(Source data)
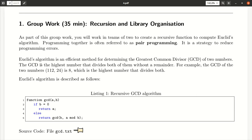Welcome to today's tutorial. First, we'll do a little bit of group work in which we learn a bit about recursion and library organization in practice.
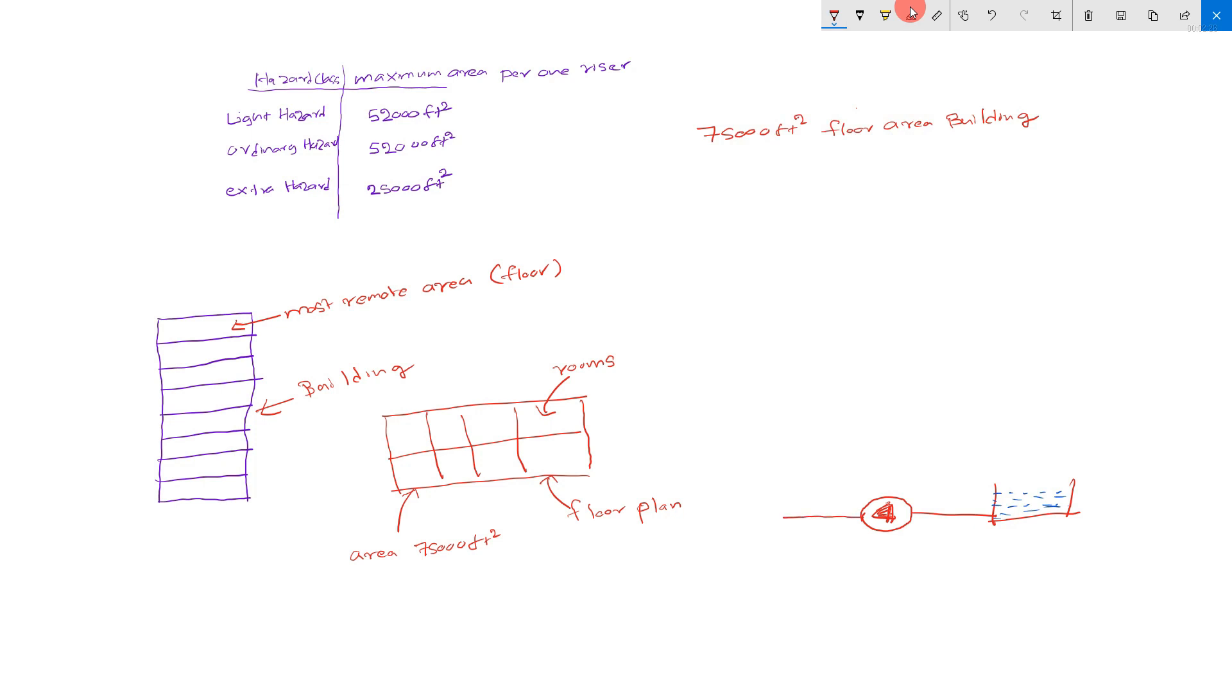And you have to go two risers. One riser. This is the second riser. Second riser. First riser.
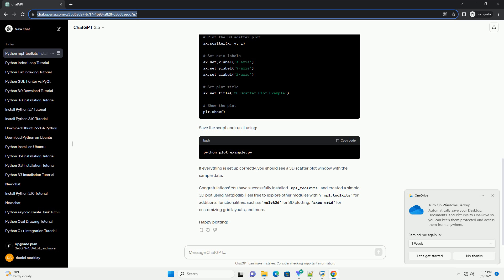MPL-Toolkits is a collection of additional modules for Matplotlib, a popular Python plotting library. These toolkits provide extra functionality to enhance your data visualization capabilities. In this tutorial, we will guide you through installing MPL-Toolkits and demonstrate a simple code example using one of its modules. Before we can use MPL-Toolkits, we need to have Matplotlib installed. You can install it using the following command, which will install the latest version of Matplotlib along with its dependencies.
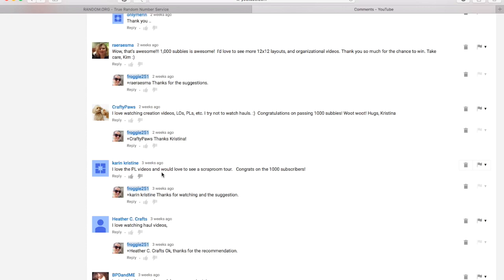It just kind of depends on work and school and everything else. Sometimes it's hard to get the videos in. But the next biggest request was organizational videos. And I absolutely love organization. It's one of my favorite things to do. So I hope to be putting some more organizational videos up, some scrapbook room tours and things like that. So hopefully you can see that pretty soon from me.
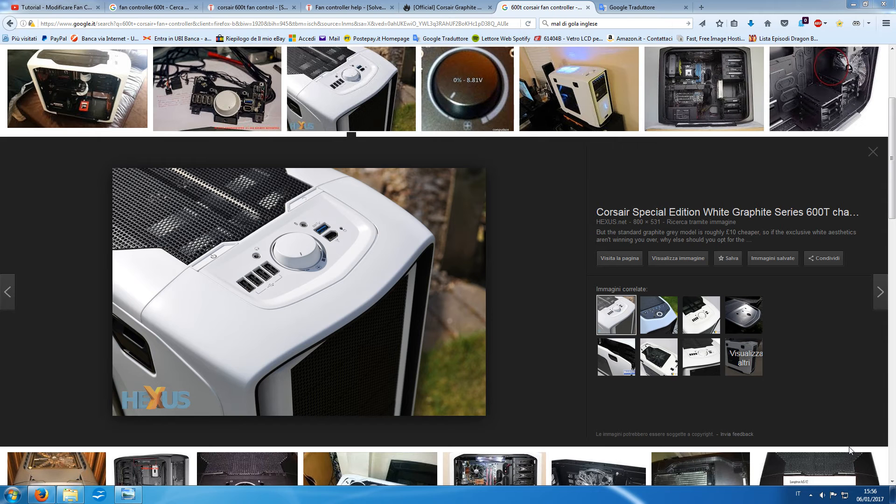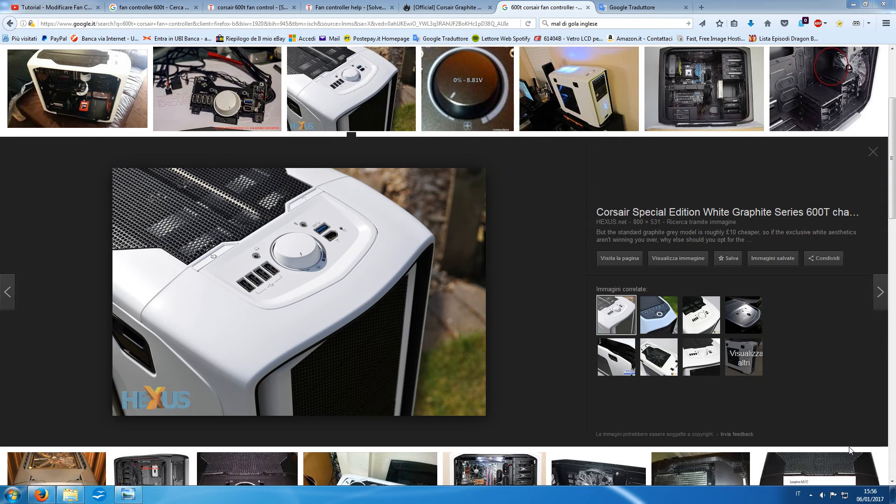I'm Italian, so I don't speak English very well. I'll probably make some mistakes. Anyway, I want to do this video because on YouTube I can't find another video like this for modding the fan controller of the Corsair 600T.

THE PROBLEM:
Restate the data word for word without pictures.

EXERCISE SOLUTION:
Welcome to today's tutorial. First, we'll do a little bit of group work in which we learn a bit about recursion and library organization in practice.
And you have to go two risers. One riser. This is the second riser. Second riser. First riser.
MPL-Toolkits is a collection of additional modules for Matplotlib, a popular Python plotting library. These toolkits provide extra functionality to enhance your data visualization capabilities. In this tutorial, we will guide you through installing MPL-Toolkits and demonstrate a simple code example using one of its modules. Before we can use MPL-Toolkits, we need to have Matplotlib installed. You can install it using the following command, which will install the latest version of Matplotlib along with its dependencies.
It just kind of depends on work and school and everything else. Sometimes it's hard to get the videos in. But the next biggest request was organizational videos. And I absolutely love organization. It's one of my favorite things to do. So I hope to be putting some more organizational videos up, some scrapbook room tours and things like that. So hopefully you can see that pretty soon from me.
I'm Italian, so I don't speak English very well. I'll probably make some mistakes. Anyway, I want to do this video because on YouTube I can't find another video like this for modding the fan controller of the Corsair 600T.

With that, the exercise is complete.